A Casa FIT é uma proposta nova dos curadores, prevendo um espaço para encontros, homenagens e ações formativas. Quanto ao Intercena, projeto criado na edição 2014 para promover a internacionalização dos grupos locais, não há sinalizações. “Acho que a ideia do Intercena não foi descartada, apesar de não ter sido plenamente desenvolvida. Tenho minhas dúvidas sobre a pertinência dessas feiras de teatro, mas, para que elas existam efetivamente, precisam ser bem articuladas. Não adianta nada trazer programadores de festivais irrelevantes e sem importância. É preciso priorizar a qualidade em detrimento da quantidade”, comenta Moreira.
Viagens. Em nota, a FMC registra que os curadores realizaram 13 viagens para a seleção de espetáculos, sendo dez internacionais e três nacionais. Embora Eduardo Moreira e Diego Bagagal afirmem que as viagens tenham sido estratégicas e que foi possível incorporar à grade trabalhos artísticos dos cinco continentes, as visitas a festivais se concentraram na Europa, em países como França, Escócia, Inglaterra e Portugal, e, no Brasil, foram visitadas as capitais Rio de Janeiro, São Paulo e Porto Alegre. Países latino-americanos não foram visitados, ao contrário do que havia sido divulgado no início do ano.

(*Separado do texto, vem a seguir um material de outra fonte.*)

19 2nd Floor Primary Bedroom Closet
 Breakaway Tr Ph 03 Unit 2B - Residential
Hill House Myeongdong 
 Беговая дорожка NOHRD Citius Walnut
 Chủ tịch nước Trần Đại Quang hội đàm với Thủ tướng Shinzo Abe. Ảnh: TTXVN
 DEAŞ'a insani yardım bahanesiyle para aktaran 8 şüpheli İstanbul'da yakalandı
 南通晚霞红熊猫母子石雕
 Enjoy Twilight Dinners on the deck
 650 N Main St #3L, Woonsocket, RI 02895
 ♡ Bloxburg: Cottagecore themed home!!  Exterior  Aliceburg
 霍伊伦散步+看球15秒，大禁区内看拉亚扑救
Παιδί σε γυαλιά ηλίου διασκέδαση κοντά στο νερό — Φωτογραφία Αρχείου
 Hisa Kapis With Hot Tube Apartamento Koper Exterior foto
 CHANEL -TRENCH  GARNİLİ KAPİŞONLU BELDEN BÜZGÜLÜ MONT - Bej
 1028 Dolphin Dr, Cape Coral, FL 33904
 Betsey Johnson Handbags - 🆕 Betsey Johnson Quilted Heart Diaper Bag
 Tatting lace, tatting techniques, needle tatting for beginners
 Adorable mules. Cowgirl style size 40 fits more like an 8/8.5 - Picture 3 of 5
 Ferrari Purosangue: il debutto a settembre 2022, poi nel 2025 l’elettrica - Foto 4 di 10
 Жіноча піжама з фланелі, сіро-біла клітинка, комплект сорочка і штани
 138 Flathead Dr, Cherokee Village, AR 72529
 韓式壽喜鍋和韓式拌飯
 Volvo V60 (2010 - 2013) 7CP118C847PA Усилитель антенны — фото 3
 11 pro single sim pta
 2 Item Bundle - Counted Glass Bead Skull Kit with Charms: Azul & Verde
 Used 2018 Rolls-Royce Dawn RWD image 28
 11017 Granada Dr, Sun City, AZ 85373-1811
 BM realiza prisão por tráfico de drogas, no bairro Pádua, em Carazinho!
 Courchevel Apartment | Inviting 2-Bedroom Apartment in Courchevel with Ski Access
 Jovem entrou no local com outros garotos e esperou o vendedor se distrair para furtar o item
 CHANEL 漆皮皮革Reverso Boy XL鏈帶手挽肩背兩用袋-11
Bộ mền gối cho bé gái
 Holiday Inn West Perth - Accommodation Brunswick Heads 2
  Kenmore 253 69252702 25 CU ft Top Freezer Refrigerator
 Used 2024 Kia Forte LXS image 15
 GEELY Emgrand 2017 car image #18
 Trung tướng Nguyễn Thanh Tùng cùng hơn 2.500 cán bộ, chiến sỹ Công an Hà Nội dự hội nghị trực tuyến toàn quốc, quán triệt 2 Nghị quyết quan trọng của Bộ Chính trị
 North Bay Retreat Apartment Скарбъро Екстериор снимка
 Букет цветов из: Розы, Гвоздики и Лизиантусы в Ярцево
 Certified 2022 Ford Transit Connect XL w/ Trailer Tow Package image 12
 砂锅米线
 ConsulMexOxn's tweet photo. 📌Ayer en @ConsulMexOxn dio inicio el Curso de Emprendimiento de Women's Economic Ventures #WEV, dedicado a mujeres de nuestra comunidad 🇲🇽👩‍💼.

Ainda consta na carta de renuncia dos curadores que foram assistidos 200 espetáculos dos quais, pelos menos, 120 foram vistos presencialmente. “As viagens enumeradas na carta foram feitas pelo Diego e por mim. É claro que, se tivéssemos tido oportunidade de fazer outras viagens, teria sido melhor e mais completo, mas não houve dinheiro e agenda para tal. Acho, sinceramente, que conseguimos montar uma boa proposta a partir de alguns festivais estratégicos”, responde Moreira.